Budget @HOME. Data Preparation
23 Nov 2020 | | or@home or optimization operations research budget optimization bank data preparationNot only Machine Learning, but also Operations Research projects quite often start with the data preparation step. In this part, we explore our bank account data, prepare it and deal with the transaction classification.
This sunburst chart from plotly library is a sneak preview from the visualization part of this post series. Our task, for now, is to prepare data, in order to allow such type of visualizations and data explorations through plotting libraries.
Transactions Data Preparation
As was mentioned before, I will use randomly generated data. There is already a prepared data generator, drawing transactions from the simple distribution:
transactions = generate_transaction_data()
Note: when I do it for myself, I use of course my real bank account data. Nothing can stop you from doing the same, but the data preparation step can vary then significantly.
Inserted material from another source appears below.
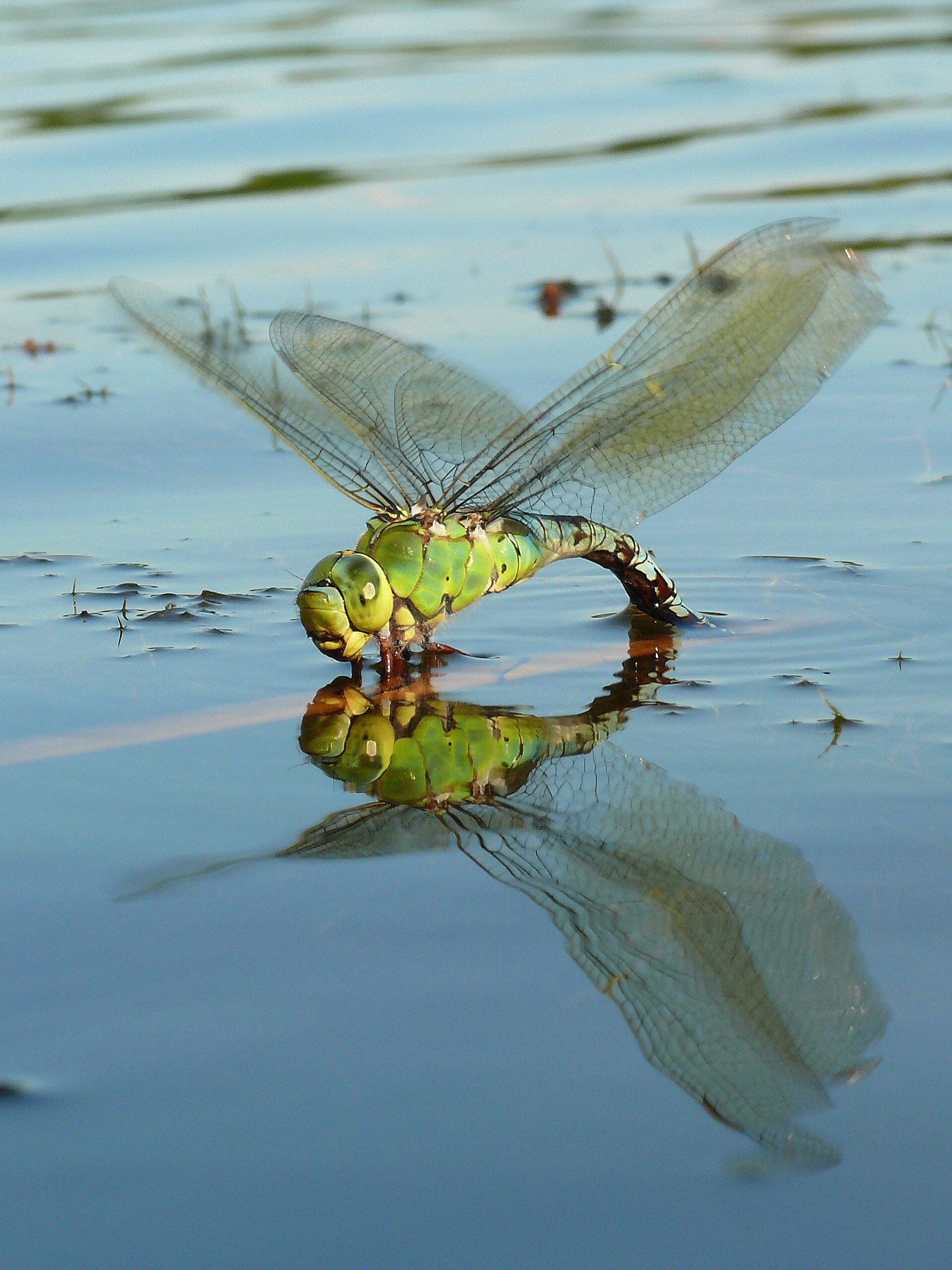 Anax imperator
We can start with just getting a rough idea of what we are dealing with:
transactions.head(5)
| Beneficiary / Originator | Payment Details | Debit | Credit | Booking date | Currency |
|---|---|---|---|---|---|
| Edeka .. | Edeka | -55.46 | nan | 09/12/2019 | EUR |
| Rewe .. | Rewe | -0.14 | nan | 09/28/2019 | EUR |
| Edeka .. | Edeka | -0.43 | nan | 12/09/2019 | EUR |
| Lidl .. | Lidl | -5.3 | nan | 12/22/2019 | EUR |
| Edeka .. | Edeka | -16.38 | nan | 05/16/2019 | EUR |
Let’s now check the types.
transactions.dtypes
We see that “Booking date” is an object, not a date. We will need to change this.
Beneficiary / Originator object
Payment Details object
Debit float64
Credit float64
Booking date object
Currency object
dtype: object
Does Debit meet Credit?
transactions[['Debit','Credit']].sum()
Seems to be ok
Debit 33908.58
Credit 39000.00
dtype: float64
So, the very first step is to correctly treat date column. In addition we may want extract day, month, year and weekday from it in order to conveniently aggregated data later:
transactions['Booking date'] = pd.to_datetime(transactions['Booking date'])
transactions['day'] = transactions['Booking date'].dt.day
transactions['month'] = transactions['Booking date'].dt.month
transactions['year'] = transactions['Booking date'].dt.year
transactions['weekday'] = transactions['Booking date'].dt.weekday
Now we can conveniently check expenses by month:
transactions.groupby(['year','month'])[['Debit','Credit']].sum()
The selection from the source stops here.